86.
— J’ai tracé le téléphone de ton amie, Ari, s’exclama Morand, à l’autre bout de la ligne. Un vrai coup de bol ! À peine une dizaine de secondes. Elle doit être hors zone. Elle n’a même pas passé d’appel, j’ai juste eu le temps de trianguler le signal avec trois stations BTS. On peut dire que tu as de la chance…
— Où est-elle ? rétorqua Ari, impatient, en sortant de la bibliothèque de la Sorbonne.
Emmanuel Morand lui dicta l’adresse. C’était en banlieue nord, à Goussainville.
— Je te remercie, Manu.
Alors qu’il venait à peine de raccrocher, Ari reçut un appel masqué. Il fronça les sourcils, partit se mettre à l’écart dans un couloir de l’université, puis répondit sous le regard interrogateur de Krysztov.
— Allô ?
— Ari Mackenzie ?
— Lui-même.
— Erik Mancel à l’appareil.
L’analyste resta bouche bée. Il n’arrivait pas à y croire. Il commença par se dire que la coïncidence était troublante, puis il réalisa qu’au contraire elle était assez logique. Si Morand était parvenu à repérer le téléphone de Lola, c’était sans doute que Mancel était en train de s’agiter. Ils venaient peut-être de changer de lieu… Il serait alors déjà trop tard pour aller à Goussainville.
— Je suppose que vous savez qui je suis, je ne vais pas vous faire un dessin.
Ari ne répondit pas. Il essayait de réfléchir : quelle était la meilleure attitude à adopter ? Mieux valait faire en sorte que Mancel ne comprenne pas qu’Ari l’avait peut-être localisé. Il regrettait toutefois de n’avoir pas demandé à Morand de tracer aussi les appels que lui recevait. Mais Mancel n’était pas idiot. Il avait sans doute pris des précautions pour ne pas être repérable.
— J’ai ce que vous cherchez, reprit son interlocuteur, et vous avez ce que moi je cherche. Je pense que nous devrions pouvoir trouver un arrangement, non ?
— Je ne suis pas certain de vous suivre, mentit Ari pour gagner du temps.
— Ne vous faites pas plus bête que vous n’êtes, Ari. Je vous propose un échange : les carrés contre Mlle Azillanet.
— Qui me dit qu’elle est vraiment avec vous ?
Un soupir retentit dans le combiné.
— Vous voulez lui parler, c’est ça, comme dans les films ?
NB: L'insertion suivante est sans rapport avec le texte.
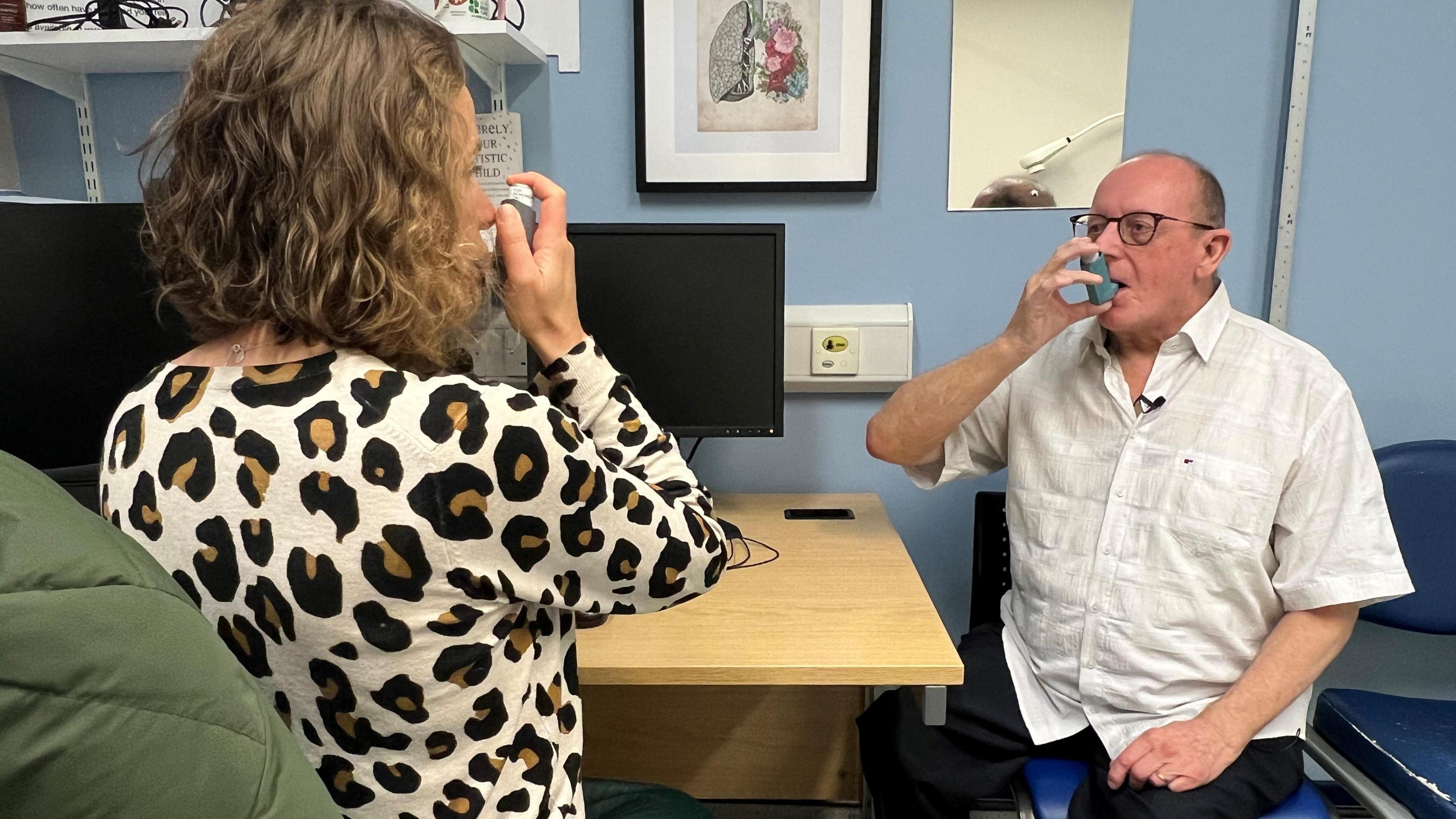 A bespectacled gentleman wearing a white shirt uses an inhaler during a GP appointment. A woman on the other side of the desk demonstrates the inhaler.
— Oui. Comme dans les films.
— Ne quittez pas.
Ari entendit son correspondant marcher. Il y eut des bruits métalliques, comme s’il descendait un escalier de secours, puis un fracas de portes. En retrait, il entendit la voix de Mancel : « Tenez, c’est votre amoureux ».
— Allô ? bredouilla une voix féminine en sanglotant.
— Lola, c’est toi ?
— Ari ! Je suis à…
La jeune femme ne put terminer sa phrase. Il y eut un bruit sourd et violent. Ari sursauta. Son cœur s’accéléra.
— C’est bon ? Vous me croyez maintenant ?
— Mancel, si vous touchez un seul cheveu de…
— Épargnez-moi les menaces à la Clint Eastwood, Mackenzie ! Je vous rends votre jeune maîtresse, vous me donnez les carrés, et on n’en parle plus.
Ari tenta de se contrôler. Il n’avait qu’une envie, c’était de dire à ce type d’aller se faire foutre et de venir lui régler son compte sur-le-champ. Mais il ne pouvait pas prendre de risques. La vie de Lola était en jeu. Pour l’instant, il devait gagner du temps. Suffisamment pour mener une expédition là où le signal de la jeune femme avait été tracé par Morand, en espérant qu’ils s’y trouvaient toujours.
— Ce n’est pas moi qui ai les carrés, mentit Ari. La DIPJ les a pris.
— Démerdez-vous. Si vous voulez revoir votre amie en vie, je suis sûr que vous serez capable de les récupérer.
Ari serra les poings. Il avait eu le bon réflexe. Il venait de gagner du temps. Assez pour mener son expédition à Goussainville.
— Laissez-moi quarante-huit heures pour les reprendre, dit-il d’une voix sèche.
— Je vous en laisse vingt-quatre et je suis très généreux. Soyez prêt avec les carrés demain midi. Je vous rappellerai une demi-heure avant pour fixer le lieu de rendez-vous. Si vous ne répondez pas, je lui coupe un doigt toutes les dix minutes jusqu’à ce que vous entendiez raison.
— Mais…
Mancel avait raccroché. Il rangea son portable dans sa poche, puis se tourna vers Zalewski :
— Krysztov, je crois que je vais encore avoir besoin de vos services.